(RECORDS begins)

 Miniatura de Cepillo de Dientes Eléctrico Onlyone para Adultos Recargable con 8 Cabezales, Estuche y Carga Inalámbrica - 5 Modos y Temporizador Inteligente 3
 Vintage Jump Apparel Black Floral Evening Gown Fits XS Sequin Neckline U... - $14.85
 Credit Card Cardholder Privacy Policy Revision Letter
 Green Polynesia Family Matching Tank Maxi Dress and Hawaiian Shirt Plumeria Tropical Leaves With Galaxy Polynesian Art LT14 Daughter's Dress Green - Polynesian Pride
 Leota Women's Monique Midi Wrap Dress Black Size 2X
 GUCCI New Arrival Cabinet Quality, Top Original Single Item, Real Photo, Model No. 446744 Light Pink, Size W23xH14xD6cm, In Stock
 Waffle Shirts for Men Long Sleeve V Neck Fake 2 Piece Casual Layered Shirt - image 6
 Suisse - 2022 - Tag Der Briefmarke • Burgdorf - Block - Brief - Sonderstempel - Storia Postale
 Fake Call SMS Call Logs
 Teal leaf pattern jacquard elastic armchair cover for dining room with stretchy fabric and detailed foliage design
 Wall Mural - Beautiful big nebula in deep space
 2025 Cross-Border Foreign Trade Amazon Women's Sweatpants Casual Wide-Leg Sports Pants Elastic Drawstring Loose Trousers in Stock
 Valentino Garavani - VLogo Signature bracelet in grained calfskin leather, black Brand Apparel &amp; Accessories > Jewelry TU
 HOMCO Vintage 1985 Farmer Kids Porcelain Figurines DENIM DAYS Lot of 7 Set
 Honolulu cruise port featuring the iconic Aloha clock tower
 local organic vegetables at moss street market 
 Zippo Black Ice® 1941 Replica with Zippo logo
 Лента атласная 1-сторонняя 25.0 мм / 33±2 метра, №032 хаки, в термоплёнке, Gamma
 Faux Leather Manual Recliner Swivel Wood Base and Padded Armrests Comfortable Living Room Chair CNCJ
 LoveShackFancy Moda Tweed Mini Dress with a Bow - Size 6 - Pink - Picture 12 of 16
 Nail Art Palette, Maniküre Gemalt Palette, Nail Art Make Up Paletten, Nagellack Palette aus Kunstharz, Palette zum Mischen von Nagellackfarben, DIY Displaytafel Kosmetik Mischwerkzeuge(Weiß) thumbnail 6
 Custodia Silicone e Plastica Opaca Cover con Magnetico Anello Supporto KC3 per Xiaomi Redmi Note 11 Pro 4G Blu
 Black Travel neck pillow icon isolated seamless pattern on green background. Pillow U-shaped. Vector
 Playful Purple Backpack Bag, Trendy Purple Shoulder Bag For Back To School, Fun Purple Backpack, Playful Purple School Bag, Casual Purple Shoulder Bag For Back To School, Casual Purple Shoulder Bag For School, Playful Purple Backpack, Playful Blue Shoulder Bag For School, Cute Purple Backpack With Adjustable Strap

(RECORDS ends)

WORK TO COMPLETE:
Look above for the line with "Suisse - 2022" and the line with "Wall Mural - Beautiful", and reproduce exactly those two lines plus every line between, nothing more.

TASK RESPONSE:
 Suisse - 2022 - Tag Der Briefmarke • Burgdorf - Block - Brief - Sonderstempel - Storia Postale
 Fake Call SMS Call Logs
 Teal leaf pattern jacquard elastic armchair cover for dining room with stretchy fabric and detailed foliage design
 Wall Mural - Beautiful big nebula in deep space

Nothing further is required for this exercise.